> **Dataset**

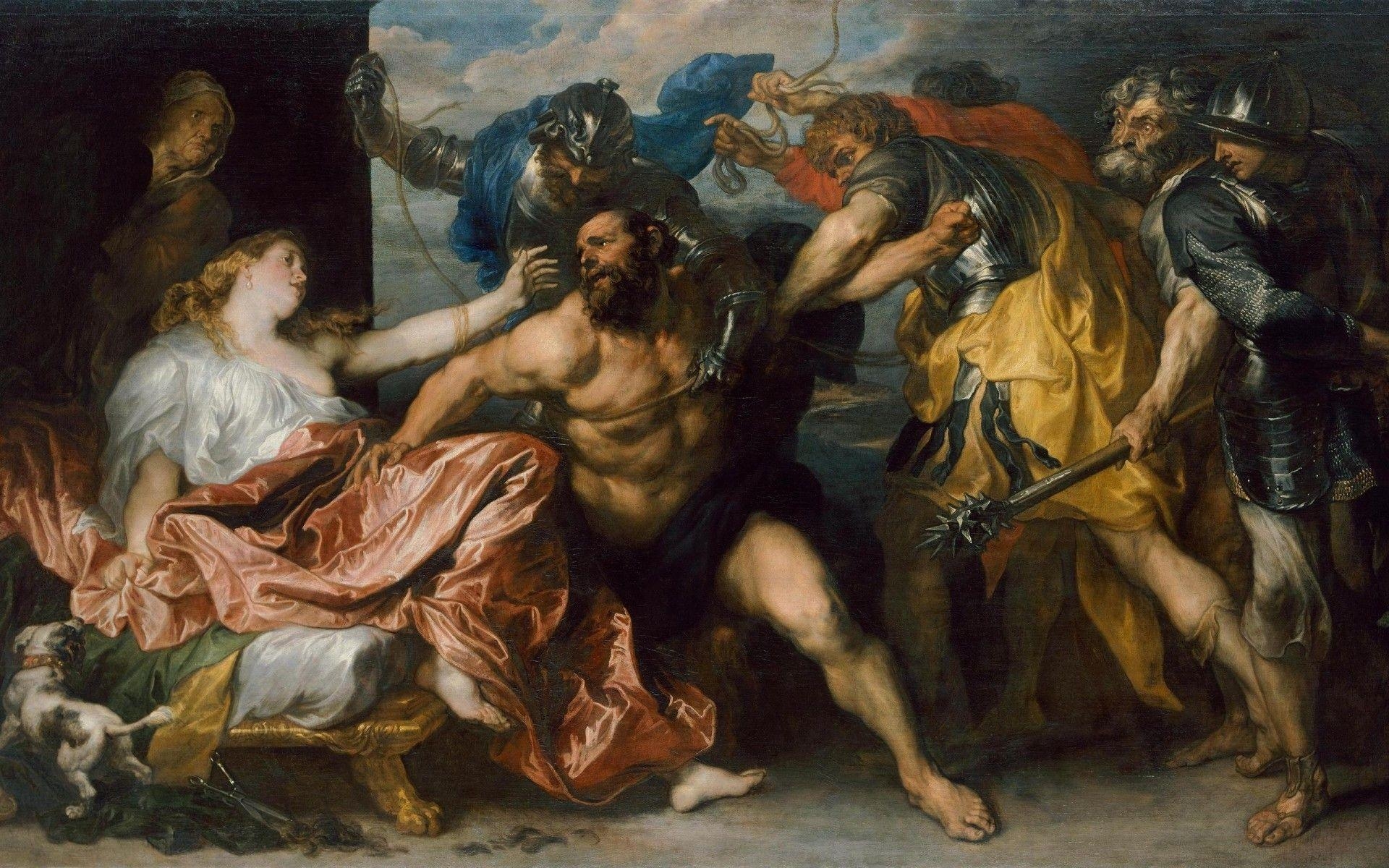 1920x1200 The Taking of Samson Painting. Android wallpaper for free, Desktop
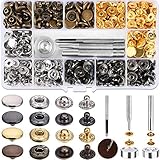 120 Sets Druckknopf Kupfer Druckknöpfe Bronze Kleidung Snaps Taste mit Fixierwerkzeug Kit...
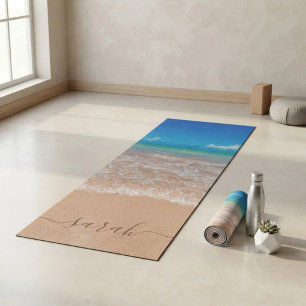 Schöner Strand Meer Benutzerdefinierter Name Yoga Yogamatte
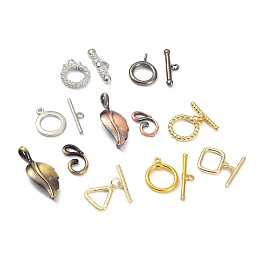 ARRICRAFT Brass Toggle Clasps, Mixed Shapes, Mixed Color, Bra: 5~16x10~25x2~4mm, Hole: 1.2~2.5mm, Ring: about 14.5~32.5x13~15x1.5~5.5mm, Hole: 1.2~5x1.2~3mm.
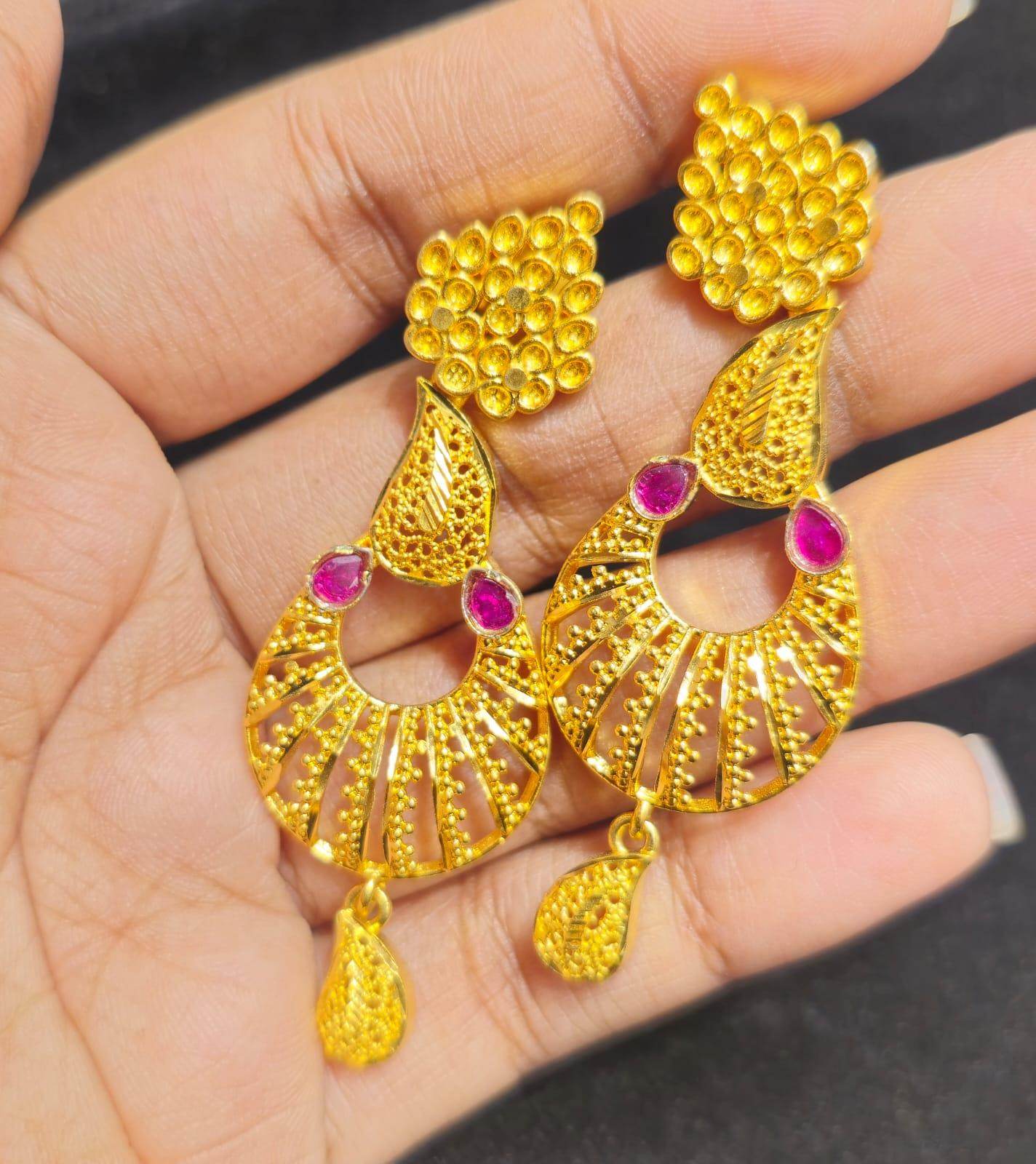 Elegant Gold-Plated Earrings – Timeless Luxury - Mirpur Jewelry City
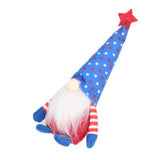 Independence Day Gnome Cute Handcrafted Beautiful Meaning Gnome Plush Decoration for Office Living Room Blue Star - Extra Image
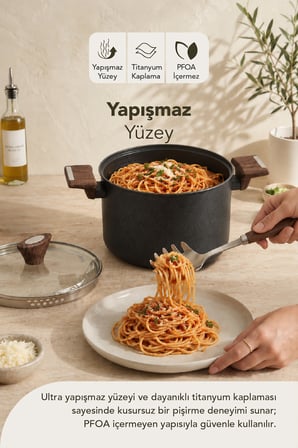Titanyum Makarna Tenceresi 22 Cm Siyah
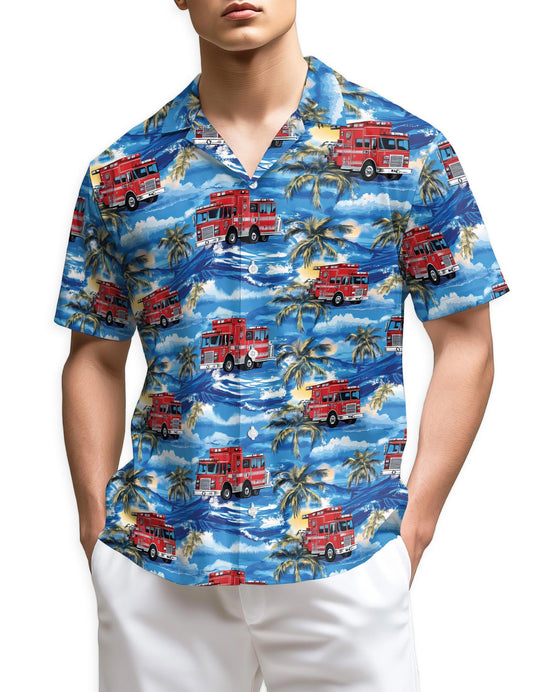 Netecom Fire Truck Firefighter Blue Palm Tree Hawaiian Shirt for Men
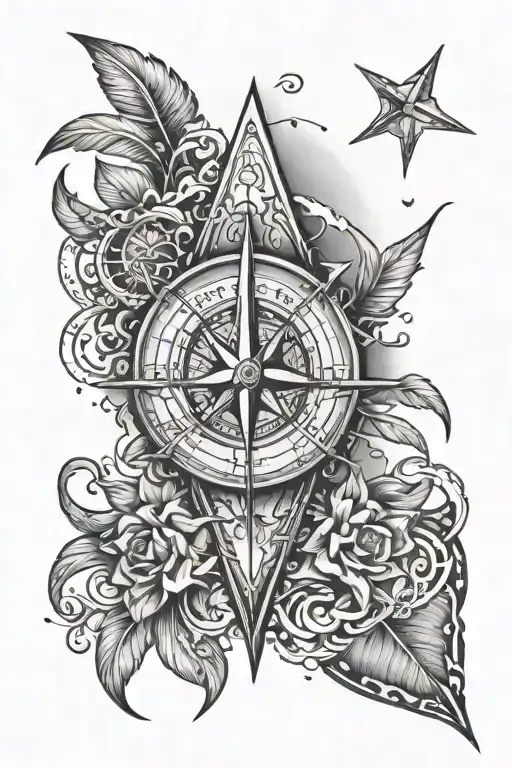 long  style compas with aruba island  tattoo design idea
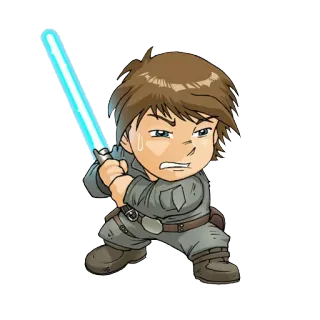 👦 Luke Skywalker Star Wars jedi, lightsaber, movie, space, cartoon telegram sticker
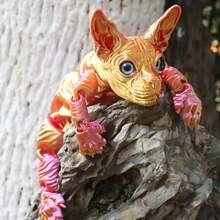 3pcs Large 3D Printed Cat Toys, Valentine's Day Gifts,19.96 Inches And 9.06 Inches ,ADHD, 3D Printed Sphynx  Cats With Flexible Articulated Joints, Stress Relief Toys For Adults, 3D Printed Animals,Perfect Boys Christmas Gifts Party Decoration Gifts - Blue-gold - View 8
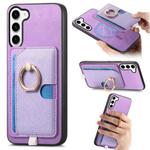 For Samsung Galaxy S23 5G Retro Cross Leather Ring Side Insert Card Bag MagSafe Phone Case(Purple)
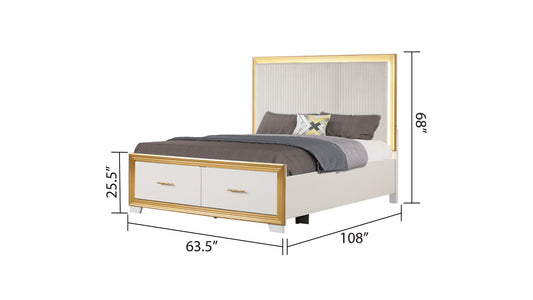 Contemporary Queen Tufted Bed - White Wood Frame for Bedroom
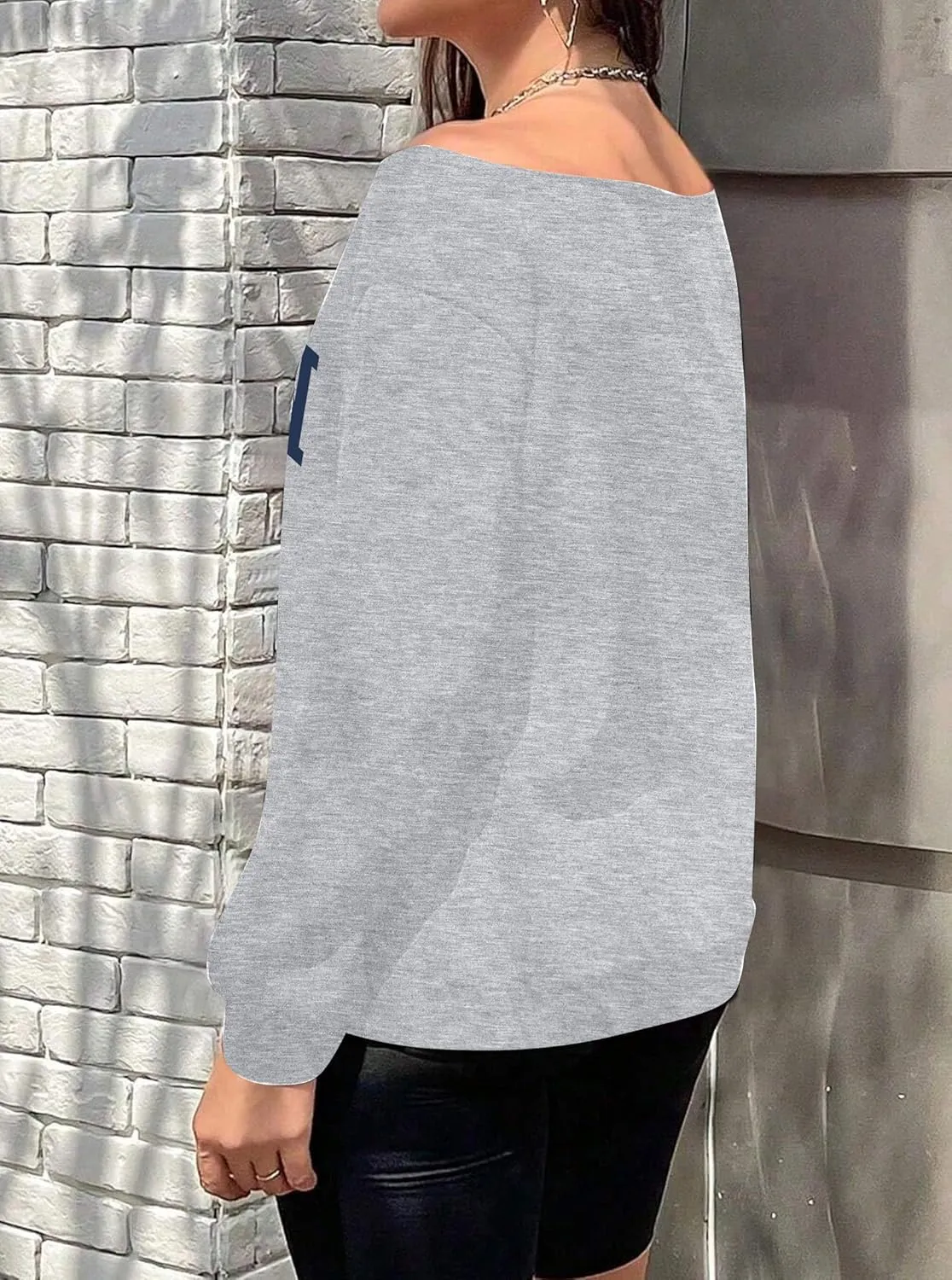 Hilinker Women's Graphic Off Shoulder Sweatshirt Casual Loose Long Sleeve Pullover Tops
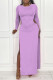 Purple Sexy Solid Hollowed Out Patchwork Metal Accessories Decoration Slit O Neck Straight Dresses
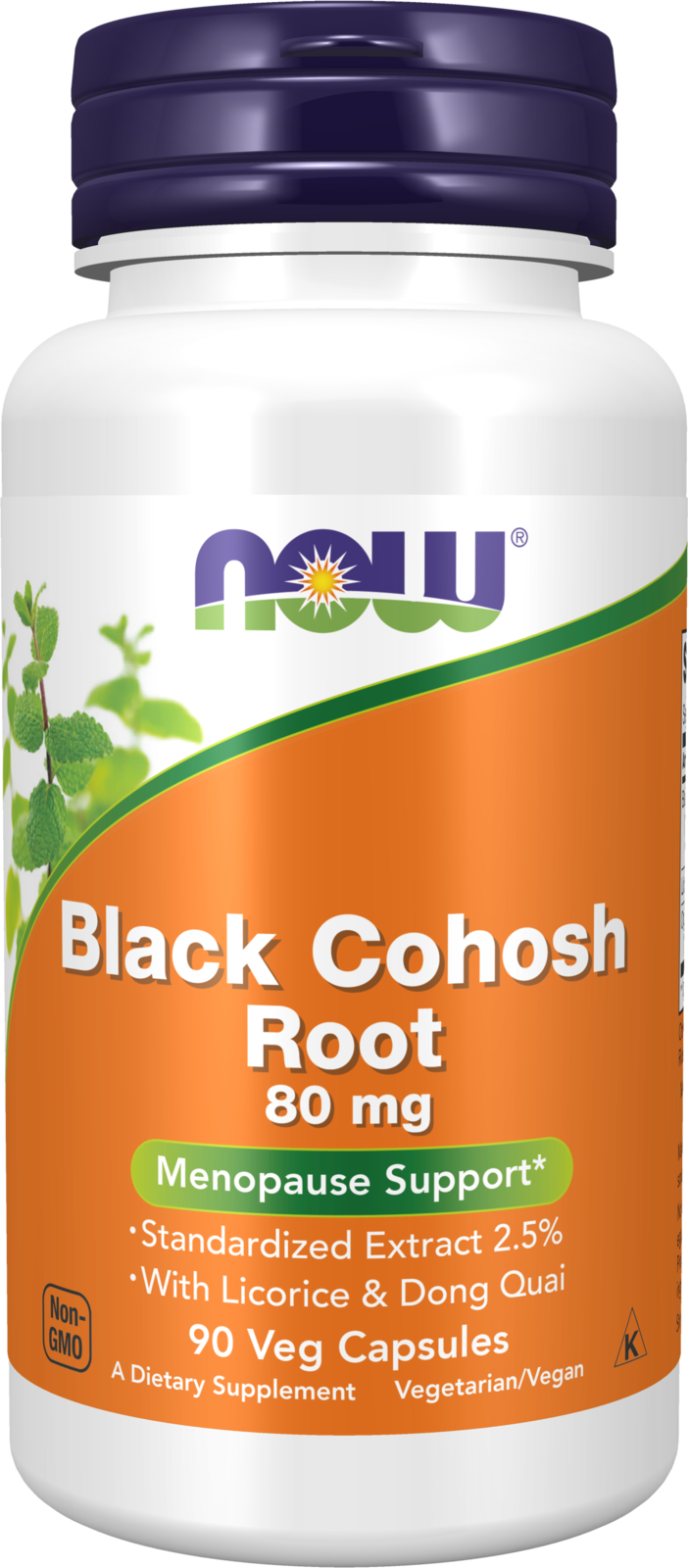 NOW Supplements, Black Cohosh Root 80 mg, Licorice & Dong Quai, 90 Veg Caps — product image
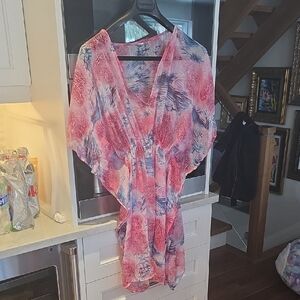 Colorful Floral Kaftan Beach Cover One Size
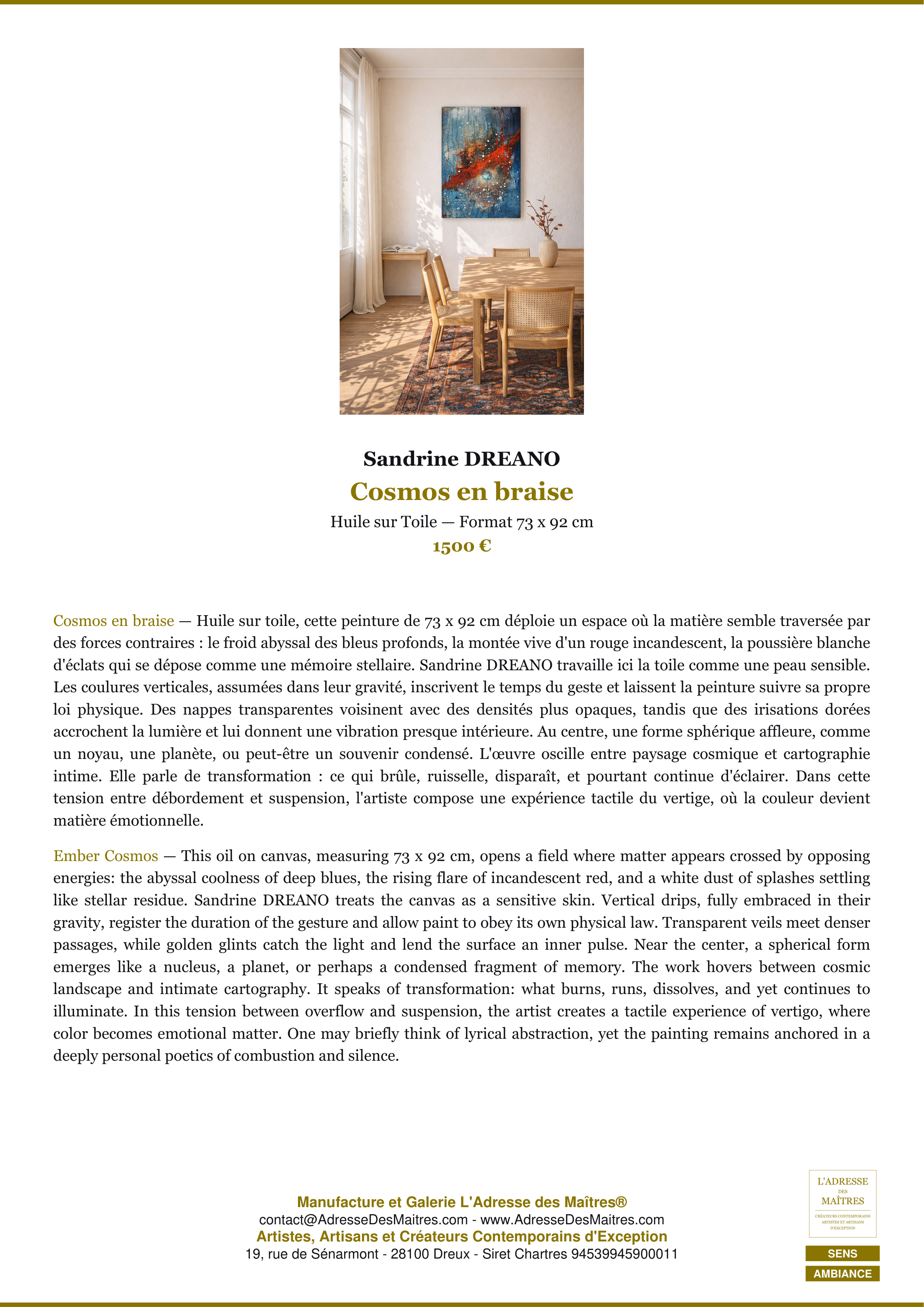 Fiche Premium Ambiance — Cosmos en braise — Sandrine DREANO — L'Adresse des Maîtres®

> **Problem requirements**
To complete the exercise, return the listing above exactly and omit its pictures.

> **Answer to this problem**
 1920x1200 The Taking of Samson Painting. Android wallpaper for free, Desktop
 120 Sets Druckknopf Kupfer Druckknöpfe Bronze Kleidung Snaps Taste mit Fixierwerkzeug Kit...
 Schöner Strand Meer Benutzerdefinierter Name Yoga Yogamatte
 ARRICRAFT Brass Toggle Clasps, Mixed Shapes, Mixed Color, Bra: 5~16x10~25x2~4mm, Hole: 1.2~2.5mm, Ring: about 14.5~32.5x13~15x1.5~5.5mm, Hole: 1.2~5x1.2~3mm.
 Elegant Gold-Plated Earrings – Timeless Luxury - Mirpur Jewelry City
 Independence Day Gnome Cute Handcrafted Beautiful Meaning Gnome Plush Decoration for Office Living Room Blue Star - Extra Image
Titanyum Makarna Tenceresi 22 Cm Siyah
 Netecom Fire Truck Firefighter Blue Palm Tree Hawaiian Shirt for Men
 long  style compas with aruba island  tattoo design idea
 👦 Luke Skywalker Star Wars jedi, lightsaber, movie, space, cartoon telegram sticker
 3pcs Large 3D Printed Cat Toys, Valentine's Day Gifts,19.96 Inches And 9.06 Inches ,ADHD, 3D Printed Sphynx  Cats With Flexible Articulated Joints, Stress Relief Toys For Adults, 3D Printed Animals,Perfect Boys Christmas Gifts Party Decoration Gifts - Blue-gold - View 8
 For Samsung Galaxy S23 5G Retro Cross Leather Ring Side Insert Card Bag MagSafe Phone Case(Purple)
 Contemporary Queen Tufted Bed - White Wood Frame for Bedroom
 Hilinker Women's Graphic Off Shoulder Sweatshirt Casual Loose Long Sleeve Pullover Tops
 Purple Sexy Solid Hollowed Out Patchwork Metal Accessories Decoration Slit O Neck Straight Dresses
 NOW Supplements, Black Cohosh Root 80 mg, Licorice & Dong Quai, 90 Veg Caps — product image
 Colorful Floral Kaftan Beach Cover One Size
 Fiche Premium Ambiance — Cosmos en braise — Sandrine DREANO — L'Adresse des Maîtres®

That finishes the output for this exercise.